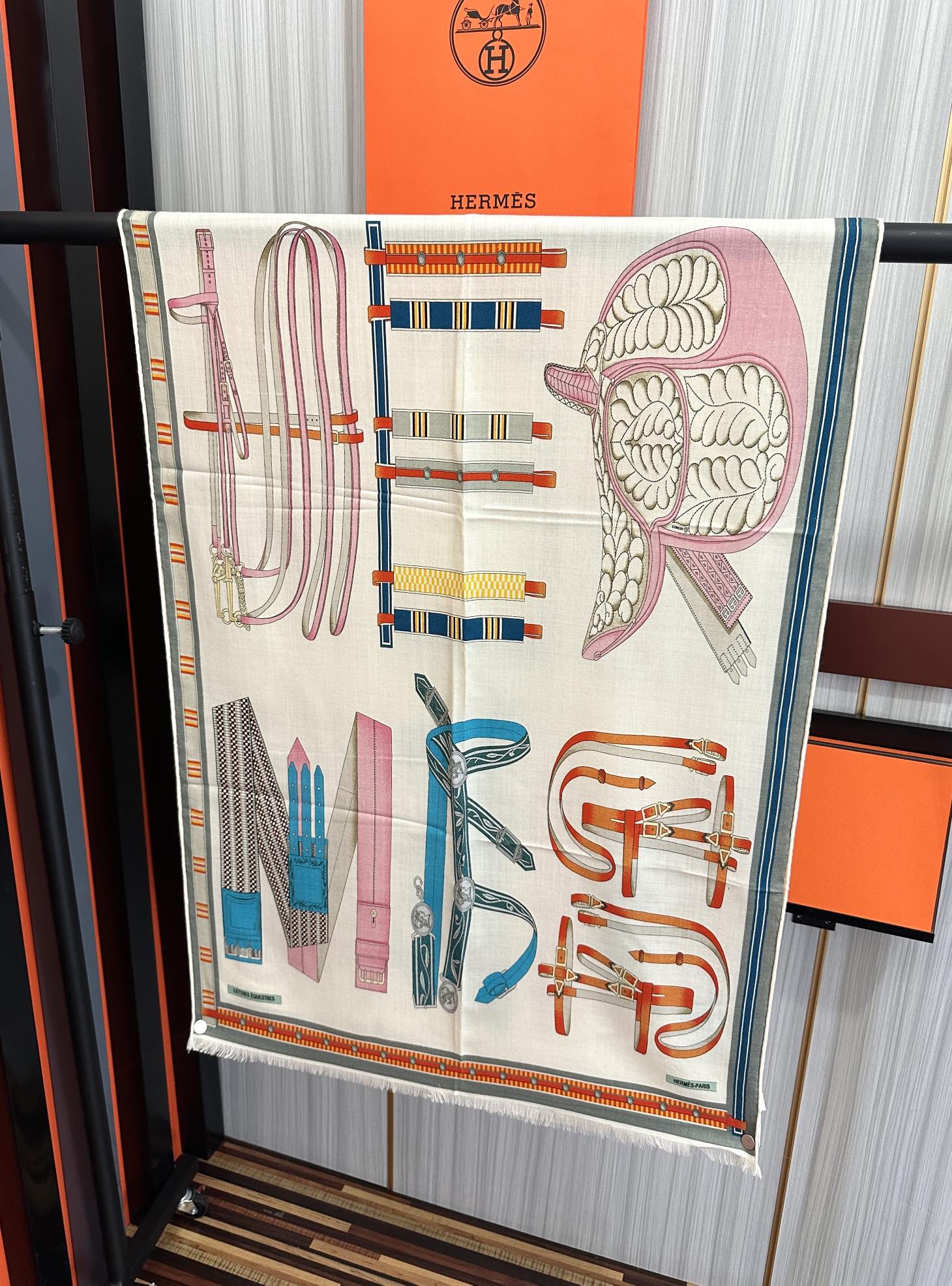 TOP HERMES Cashmere Scarf 185x65 cm - 3 Colors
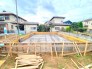 1号棟 ～完成物件もご案内可能～
・ご案内時には実際の立地に加え、同メーカー・同仕様の完成物件もご案内可能です。
・ぜひ現地と建物をご覧いただき、具体的にイメージしてみてくださいませ。
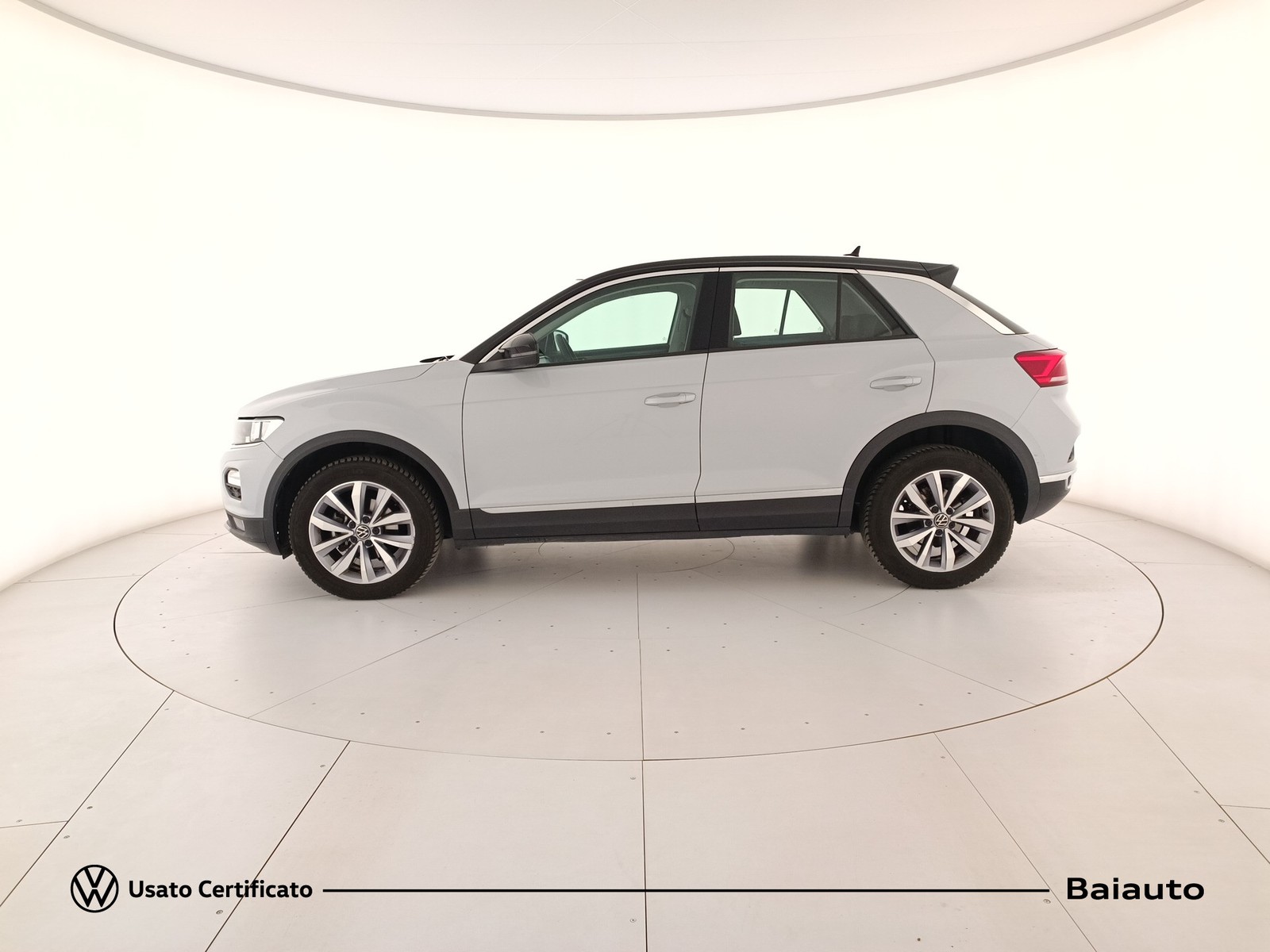 3 - Volkswagen T-Roc 1.0 tsi 110cv style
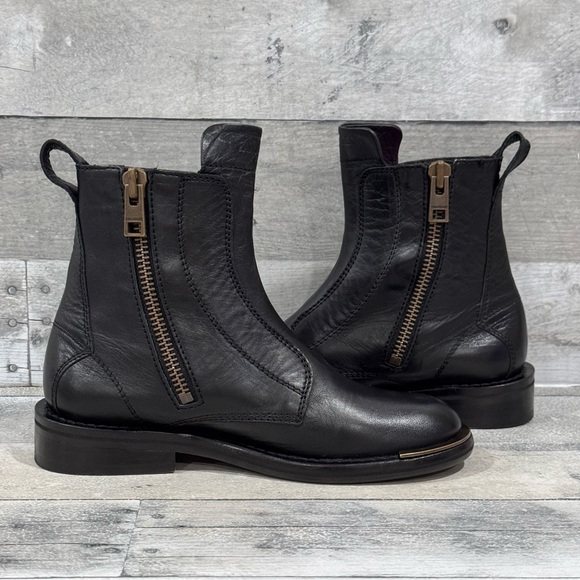 Zadig & Voltaire Women's Laureen Metal Toe Ankle Boots - Black - Sz-6.US / 37.EU - Picture 2 of 10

---+---

### [TASK REQUIREMENTS]
Write out all of the data above exactly, pictures excluded.

### [WORKED SOLUTION]
 TOP HERMES Cashmere Scarf 185x65 cm - 3 Colors
 1号棟 ～完成物件もご案内可能～
・ご案内時には実際の立地に加え、同メーカー・同仕様の完成物件もご案内可能です。
・ぜひ現地と建物をご覧いただき、具体的にイメージしてみてくださいませ。
 3 - Volkswagen T-Roc 1.0 tsi 110cv style
 Zadig & Voltaire Women's Laureen Metal Toe Ankle Boots - Black - Sz-6.US / 37.EU - Picture 2 of 10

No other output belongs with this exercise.